DATA TO USE |
· · · · · · ·
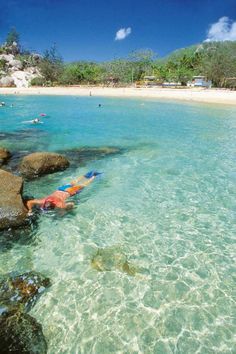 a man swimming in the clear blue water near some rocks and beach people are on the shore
· · · · · · ·
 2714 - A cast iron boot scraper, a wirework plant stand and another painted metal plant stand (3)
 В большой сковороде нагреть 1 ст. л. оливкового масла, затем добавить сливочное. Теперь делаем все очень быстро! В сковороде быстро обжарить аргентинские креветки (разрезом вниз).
· · · · · · ·
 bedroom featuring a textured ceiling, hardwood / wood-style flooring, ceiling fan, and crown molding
· · · · · · ·
WHAT IS EXPECTED |
Out of the data above, give again only the lines starting at the one holding "2714 - A cast" and ending at the one holding "В большой сковороде", unchanged.

ANSWER FOR THIS EXERCISE |
 2714 - A cast iron boot scraper, a wirework plant stand and another painted metal plant stand (3)
 В большой сковороде нагреть 1 ст. л. оливкового масла, затем добавить сливочное. Теперь делаем все очень быстро! В сковороде быстро обжарить аргентинские креветки (разрезом вниз).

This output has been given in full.